The TRUFF White Truffle Limited Release blends ripe jalapenos with the elusive mushroom, plus adds white truffle oil, organic agave nectar, and a hint of organic coriander to embolden its savory flavor.
Neuhaus Belgian Chocolates
Having been the joint giver / recipient of Neuhaus Chocolates' Winter Wonderland pop-up advent calendar last year, I can say with certainty (and praline and ganache all over my face) the Belgian chocolate brand makes one of the best advent calendars in the land. If you're looking for a last-minute gift idea, Neuhaus' other themed and non-themed chocolate boxes will deliver the same level of creativity and toothsome pleasure.
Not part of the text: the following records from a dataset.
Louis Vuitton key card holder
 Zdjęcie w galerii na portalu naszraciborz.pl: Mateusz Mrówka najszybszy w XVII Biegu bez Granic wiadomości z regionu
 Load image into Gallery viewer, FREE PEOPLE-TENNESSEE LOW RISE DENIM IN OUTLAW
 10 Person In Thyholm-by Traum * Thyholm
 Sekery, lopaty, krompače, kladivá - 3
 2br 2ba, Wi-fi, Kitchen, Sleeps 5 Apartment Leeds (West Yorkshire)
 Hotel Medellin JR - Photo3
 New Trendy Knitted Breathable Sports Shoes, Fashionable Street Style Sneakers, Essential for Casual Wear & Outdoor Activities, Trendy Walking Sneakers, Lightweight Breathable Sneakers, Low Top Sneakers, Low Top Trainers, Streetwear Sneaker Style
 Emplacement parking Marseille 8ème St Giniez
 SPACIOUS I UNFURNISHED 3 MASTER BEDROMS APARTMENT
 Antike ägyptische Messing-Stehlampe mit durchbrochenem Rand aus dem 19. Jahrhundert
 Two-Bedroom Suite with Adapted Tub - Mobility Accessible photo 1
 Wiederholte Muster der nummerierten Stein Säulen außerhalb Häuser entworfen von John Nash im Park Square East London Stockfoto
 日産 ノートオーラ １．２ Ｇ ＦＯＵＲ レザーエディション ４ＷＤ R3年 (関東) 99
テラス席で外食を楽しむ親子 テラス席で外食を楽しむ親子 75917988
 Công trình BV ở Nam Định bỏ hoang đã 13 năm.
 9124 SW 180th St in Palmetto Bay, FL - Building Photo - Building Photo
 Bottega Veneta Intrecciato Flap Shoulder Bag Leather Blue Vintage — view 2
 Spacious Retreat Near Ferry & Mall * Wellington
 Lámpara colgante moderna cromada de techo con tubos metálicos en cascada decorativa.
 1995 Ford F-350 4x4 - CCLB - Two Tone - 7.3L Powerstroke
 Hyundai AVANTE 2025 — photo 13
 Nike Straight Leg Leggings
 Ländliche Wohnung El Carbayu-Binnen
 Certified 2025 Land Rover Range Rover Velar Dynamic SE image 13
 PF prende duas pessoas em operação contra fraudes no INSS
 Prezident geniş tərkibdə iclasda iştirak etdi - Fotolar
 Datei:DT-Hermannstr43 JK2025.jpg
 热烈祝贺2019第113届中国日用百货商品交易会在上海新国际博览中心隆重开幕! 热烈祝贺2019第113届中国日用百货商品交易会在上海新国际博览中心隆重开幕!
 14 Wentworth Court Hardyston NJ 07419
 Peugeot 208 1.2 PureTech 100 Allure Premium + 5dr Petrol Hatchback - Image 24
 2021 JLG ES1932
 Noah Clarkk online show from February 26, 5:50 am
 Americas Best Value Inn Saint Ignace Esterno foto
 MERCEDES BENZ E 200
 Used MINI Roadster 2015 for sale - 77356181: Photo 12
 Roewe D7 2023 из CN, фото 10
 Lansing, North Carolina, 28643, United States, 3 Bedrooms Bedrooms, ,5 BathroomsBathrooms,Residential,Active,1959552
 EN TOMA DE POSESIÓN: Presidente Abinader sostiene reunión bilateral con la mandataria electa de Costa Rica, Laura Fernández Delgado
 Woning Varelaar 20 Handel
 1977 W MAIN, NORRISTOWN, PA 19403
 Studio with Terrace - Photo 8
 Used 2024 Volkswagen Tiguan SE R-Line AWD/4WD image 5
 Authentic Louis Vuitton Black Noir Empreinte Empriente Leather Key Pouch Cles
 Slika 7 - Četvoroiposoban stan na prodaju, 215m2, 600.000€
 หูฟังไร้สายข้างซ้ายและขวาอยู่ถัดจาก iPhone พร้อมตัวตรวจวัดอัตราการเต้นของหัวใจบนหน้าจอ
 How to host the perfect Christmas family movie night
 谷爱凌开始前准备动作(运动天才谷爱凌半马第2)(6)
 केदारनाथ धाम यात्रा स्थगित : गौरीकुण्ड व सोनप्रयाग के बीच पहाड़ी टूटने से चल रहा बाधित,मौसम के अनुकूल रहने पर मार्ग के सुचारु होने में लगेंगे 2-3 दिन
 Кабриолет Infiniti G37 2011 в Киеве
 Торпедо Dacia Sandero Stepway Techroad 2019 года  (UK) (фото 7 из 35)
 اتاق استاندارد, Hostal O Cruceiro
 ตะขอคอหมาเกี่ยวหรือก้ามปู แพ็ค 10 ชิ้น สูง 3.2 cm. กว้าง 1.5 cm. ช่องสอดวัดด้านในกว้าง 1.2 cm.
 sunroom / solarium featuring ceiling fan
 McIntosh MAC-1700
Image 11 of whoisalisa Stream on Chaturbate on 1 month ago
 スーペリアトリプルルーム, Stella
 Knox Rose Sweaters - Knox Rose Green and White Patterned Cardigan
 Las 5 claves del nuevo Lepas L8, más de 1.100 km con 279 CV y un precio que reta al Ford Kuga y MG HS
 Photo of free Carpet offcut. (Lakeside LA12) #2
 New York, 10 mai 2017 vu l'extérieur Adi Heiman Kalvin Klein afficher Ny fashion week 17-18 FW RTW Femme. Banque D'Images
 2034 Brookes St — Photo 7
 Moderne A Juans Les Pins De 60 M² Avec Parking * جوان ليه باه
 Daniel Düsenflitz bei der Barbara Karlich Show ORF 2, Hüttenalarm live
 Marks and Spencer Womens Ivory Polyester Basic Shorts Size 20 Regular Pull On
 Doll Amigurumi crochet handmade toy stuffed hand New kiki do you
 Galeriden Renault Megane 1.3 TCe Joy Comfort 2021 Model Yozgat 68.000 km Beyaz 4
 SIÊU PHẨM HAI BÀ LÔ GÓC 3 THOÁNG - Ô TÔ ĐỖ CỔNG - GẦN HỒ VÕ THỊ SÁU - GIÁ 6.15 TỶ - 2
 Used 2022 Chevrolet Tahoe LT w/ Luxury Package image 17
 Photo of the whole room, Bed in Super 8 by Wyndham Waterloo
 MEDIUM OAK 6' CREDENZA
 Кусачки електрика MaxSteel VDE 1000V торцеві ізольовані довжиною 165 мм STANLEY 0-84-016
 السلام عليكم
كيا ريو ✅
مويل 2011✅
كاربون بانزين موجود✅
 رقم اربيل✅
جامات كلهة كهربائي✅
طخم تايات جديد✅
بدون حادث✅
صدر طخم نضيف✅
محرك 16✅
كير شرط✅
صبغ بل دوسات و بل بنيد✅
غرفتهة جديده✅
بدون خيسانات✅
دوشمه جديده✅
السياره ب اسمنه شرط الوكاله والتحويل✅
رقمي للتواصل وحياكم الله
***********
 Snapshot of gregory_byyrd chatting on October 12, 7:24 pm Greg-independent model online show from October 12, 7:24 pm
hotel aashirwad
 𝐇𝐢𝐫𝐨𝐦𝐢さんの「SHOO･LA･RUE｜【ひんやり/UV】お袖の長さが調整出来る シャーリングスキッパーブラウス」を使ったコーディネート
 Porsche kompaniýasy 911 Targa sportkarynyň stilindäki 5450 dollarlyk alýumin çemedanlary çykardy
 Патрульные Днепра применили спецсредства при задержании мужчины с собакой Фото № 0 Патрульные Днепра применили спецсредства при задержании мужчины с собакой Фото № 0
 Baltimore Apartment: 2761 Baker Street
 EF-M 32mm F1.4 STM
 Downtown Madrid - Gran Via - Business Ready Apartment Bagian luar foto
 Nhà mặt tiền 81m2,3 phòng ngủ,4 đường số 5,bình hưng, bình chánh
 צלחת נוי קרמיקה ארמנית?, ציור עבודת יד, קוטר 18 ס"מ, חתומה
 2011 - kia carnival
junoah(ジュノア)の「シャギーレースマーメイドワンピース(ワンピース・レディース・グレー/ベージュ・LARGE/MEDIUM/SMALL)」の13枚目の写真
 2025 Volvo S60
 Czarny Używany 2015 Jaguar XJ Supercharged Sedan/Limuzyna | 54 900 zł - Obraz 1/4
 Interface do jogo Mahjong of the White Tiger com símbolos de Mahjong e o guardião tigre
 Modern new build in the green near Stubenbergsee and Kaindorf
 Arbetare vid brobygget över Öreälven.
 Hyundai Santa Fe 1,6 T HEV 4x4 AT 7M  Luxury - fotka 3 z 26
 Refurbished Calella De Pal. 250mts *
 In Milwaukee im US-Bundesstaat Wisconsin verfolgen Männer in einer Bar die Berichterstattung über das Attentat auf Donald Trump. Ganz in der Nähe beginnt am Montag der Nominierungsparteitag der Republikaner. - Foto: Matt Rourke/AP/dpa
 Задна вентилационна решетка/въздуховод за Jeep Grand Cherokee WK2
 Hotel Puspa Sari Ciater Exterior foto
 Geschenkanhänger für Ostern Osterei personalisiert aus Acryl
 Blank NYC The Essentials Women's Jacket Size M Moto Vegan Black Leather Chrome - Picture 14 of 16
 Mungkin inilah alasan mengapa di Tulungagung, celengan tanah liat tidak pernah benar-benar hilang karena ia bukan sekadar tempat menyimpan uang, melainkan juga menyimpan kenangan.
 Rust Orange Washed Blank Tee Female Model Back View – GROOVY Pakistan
Pumpkin Spice Death Wish Coffee
It's pumpkin spice on crack! No, not really. Just a whole helluva lot of caffeine. Pumpkin Spice Death Wish Coffee is the Death Wish brand's fall-appropriate seasonal offering, an effort to appeal to both the pumpkin-spice-obsessed and the sluggish, sleep-deprived masses. Like the original Death Wish Coffee, this edition is packed with twice the caffeine as your normal brewable beans, but also contains an infusion of the company's homemade aged chai spice and pumpkin essential oil blend. So it's kind of like Death Wish meets a warm and welcoming Mrs. Claus.
Oreo Mug Ultimate Dunking Gift Set
Milk & cookies for Santa served in an Ultimate Oreo Dunking Set? Uh...maybe he can have my sloppy seconds after I get my cookie-sloshin' game on.
Enjoy your O-R-E-Os stacked right handy on the S-I-D-E of your milk mug with this kid-gift-ready (and hungry-man-gift-ready) Oreo Mug Ultimate Dunking Gift Set. This listing comes with a single glass mug, an attachable cookie cage for piling up your Oreos, some red plastic tongs to assist in getting them back out of the stack, and a "starter set" of 3 x Oreo cookie pouches with 2 Oreos each.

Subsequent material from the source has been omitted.